Have you ever introduced a topic the prospect wasn’t expecting – and stopped a deal in its tracks?  

Don invested three months developing a comprehensive IT solution for a prospective client.  He effectively orchestrated the interactions between the prospect company’s buying team and his sales team.  The project objectives were defined with laser-like precision.  All the potential implementation roadblocks had been identified and resolved.  Timelines and deadlines had been established.  Don and his team had generated a complete and compelling proposal.  He was absolutely confident he would win the business – and he had every right to be confident. 

At the proposal presentation, Don first reviewed the project objectives and requirements and reconfirmed that they were the elements on which the buying decision would be made.  Don then covered each phase of the project – point by point.  After each point he asked the buying team members if they were 100 percent comfortable with what he presented. They affirmed that they were.  Don reviewed the financial arrangements to which they had previously agreed. No problems there.  Don was entering the home stretch, confident that he would close the sale.  Don wasn’t quite finished with his presentation when the buying team leader interrupted, “Don, we don’t need to see any more.  We’re ready to move ahead with the project.  We’d like you to get things going as soon as possible.  Let’s complete the paperwork.” 

Even before Don could breathe a sigh of relief and pull the contract out of his portfolio, a member of his tech-support sales team killed the deal.  The tech guy blurted out, “You should know that there’s an update coming for the database program.  We’re just about finished beta testing it.  The final version should be ready in about 60 days.  A strange silence fell over the room. 

           

The Unasked Question

 

Of course, in the tech-support person’s mind, the prospect buying team should have asked about software updates. Even though they didn’t ask, he felt it was important to provide an answer.  The tech-support person was not, strictly speaking, a salesperson.  But there are plenty of salespeople who have answered similarly inopportune unasked questions at similarly critical moments. 

You can guess what happened.  The tech support member’s answer to the unasked question derailed what was shaping up to be a “slam-dunk,” and quickly transformed in into a disaster.  The prospect decided to hold off signing the contract … and ended up working with someone else.  Why did the deal die?  In Don’s world, software updates are a fact of life, something that’s routinely handled with little or no inconvenience to the client.  The fact that Don didn’t mention it, and his team member felt compelled to bring it up at the last moment, cast some suspicion on the “slam-dunk” proposal.

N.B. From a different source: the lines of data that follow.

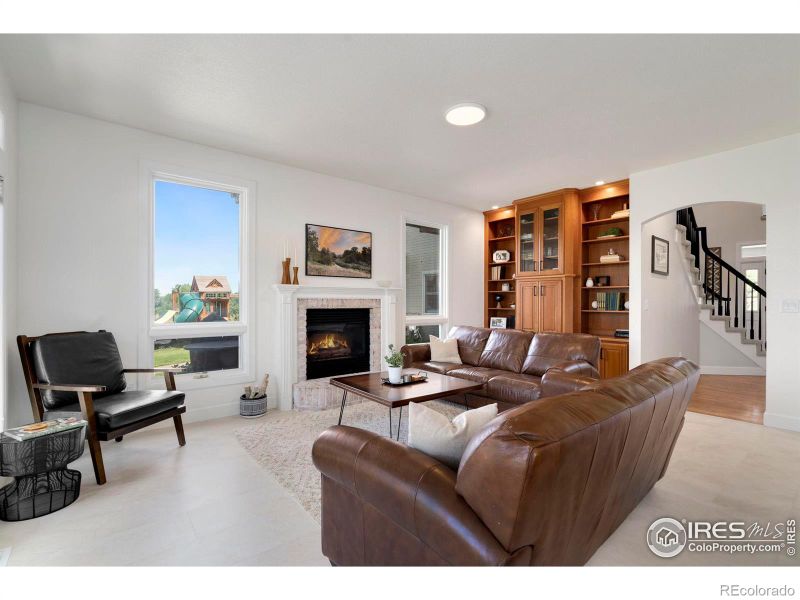 809 Roadrunner Ct, Loveland, CO 80537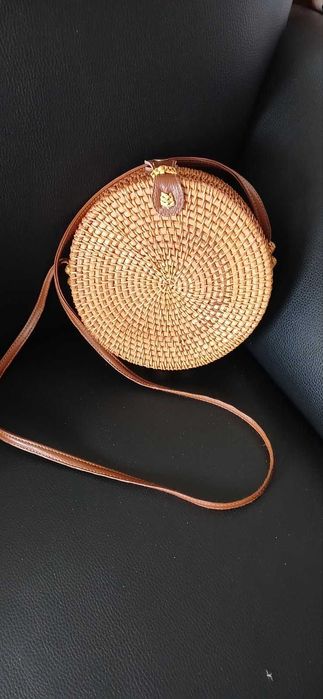 Продам сумку из ротанга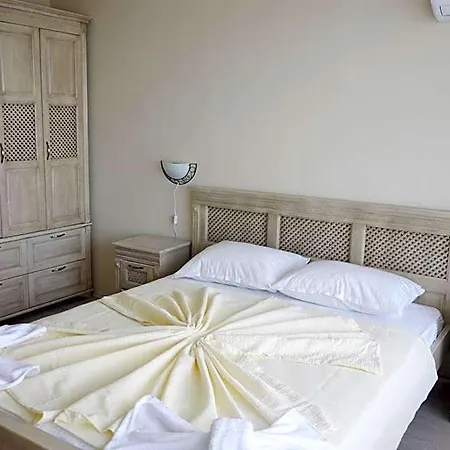 Hotel Ashram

The objective of a presentation is to present the aspects of your product or service that address the issues and concerns previously identified … and nothing more.  This is not the time to introduce new elements.  If, during a presentation, you’ve ever said something like, “you’re probably wondering how we would …” and then gave an explanation about some new element that is supposed to add value to your offering, or entice your prospect to buy, then you are guilty of answering an unasked question.  If the prospect had been “wondering” about it, he would have asked!